§ PROBLEM STATEMENT:
Exactly reproduce the lines of the listing below from the one containing "Building Photo - Room" through the one containing "196 CAMPBELL Avenue - 3". Skip the images.
──────── EXCERPTED DATA
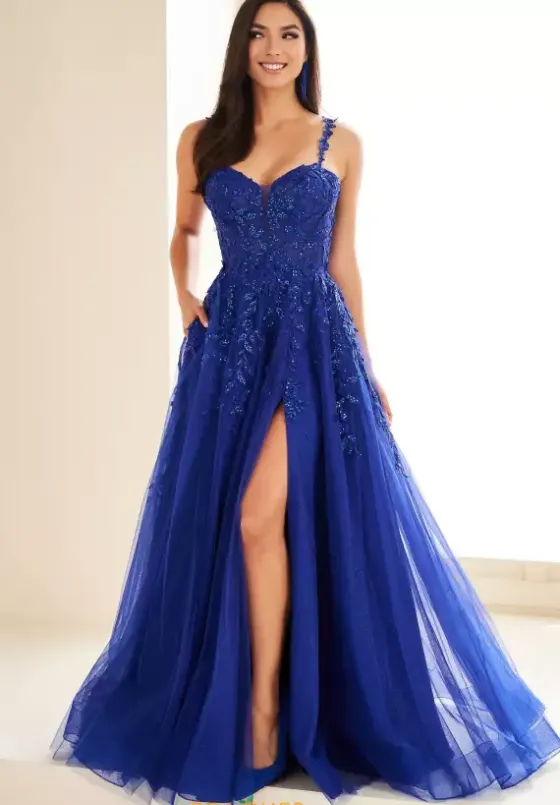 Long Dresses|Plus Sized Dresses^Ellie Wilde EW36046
────────────────
──────── EXCERPTED DATA
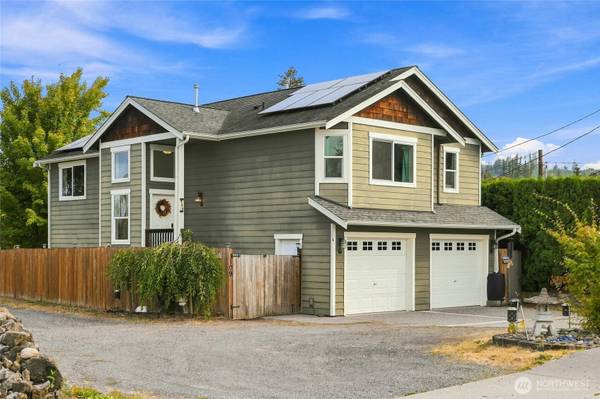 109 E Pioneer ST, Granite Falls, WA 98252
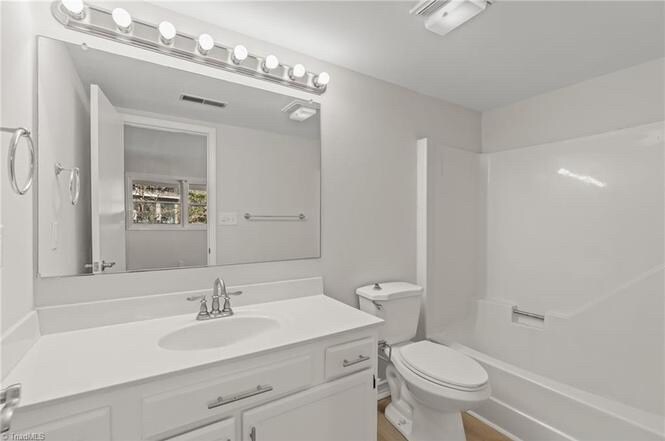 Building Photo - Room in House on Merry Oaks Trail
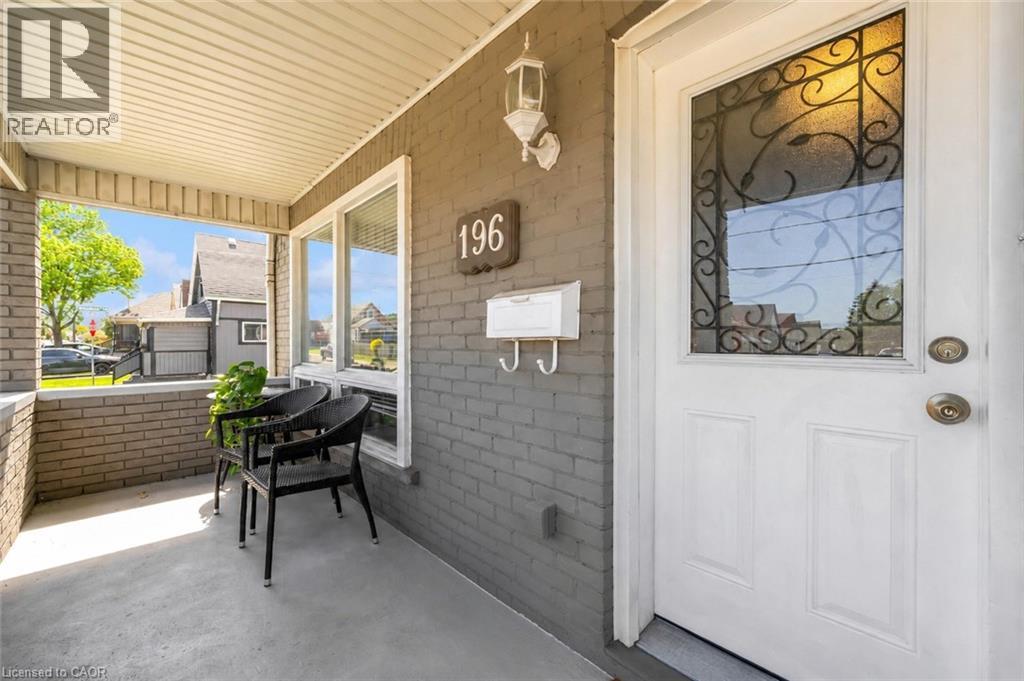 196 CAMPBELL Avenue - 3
────────────────
──────── EXCERPTED DATA
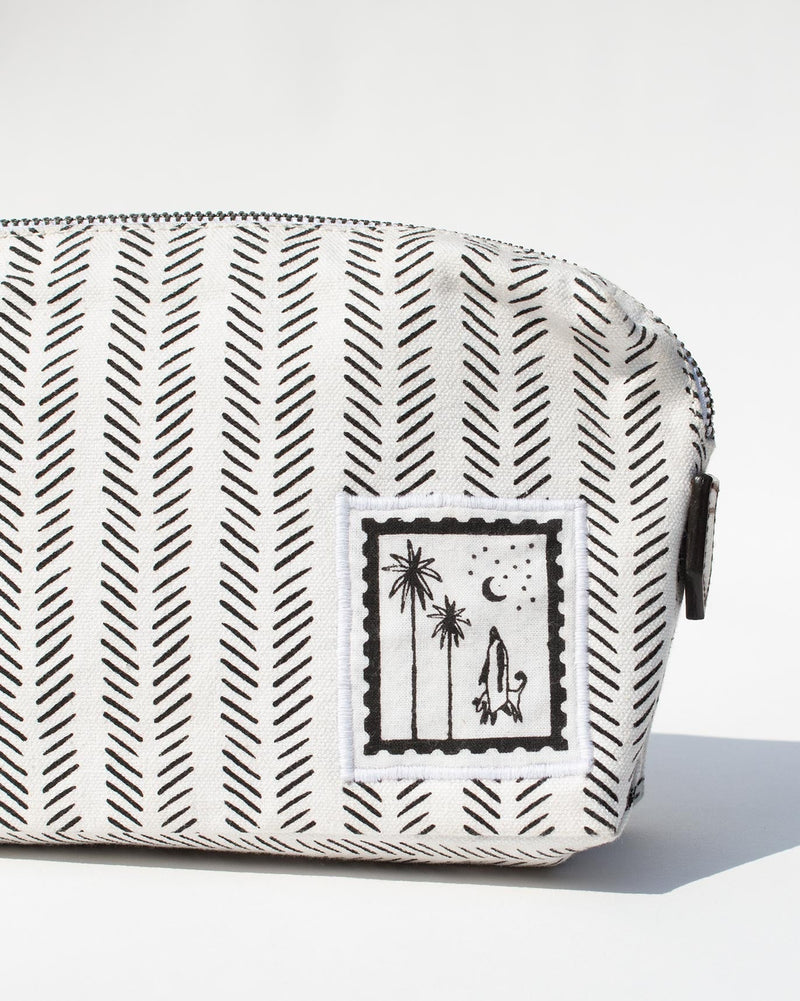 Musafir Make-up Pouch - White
────────────────
§ REPLY TO THE TASK:
 Building Photo - Room in House on Merry Oaks Trail
 196 CAMPBELL Avenue - 3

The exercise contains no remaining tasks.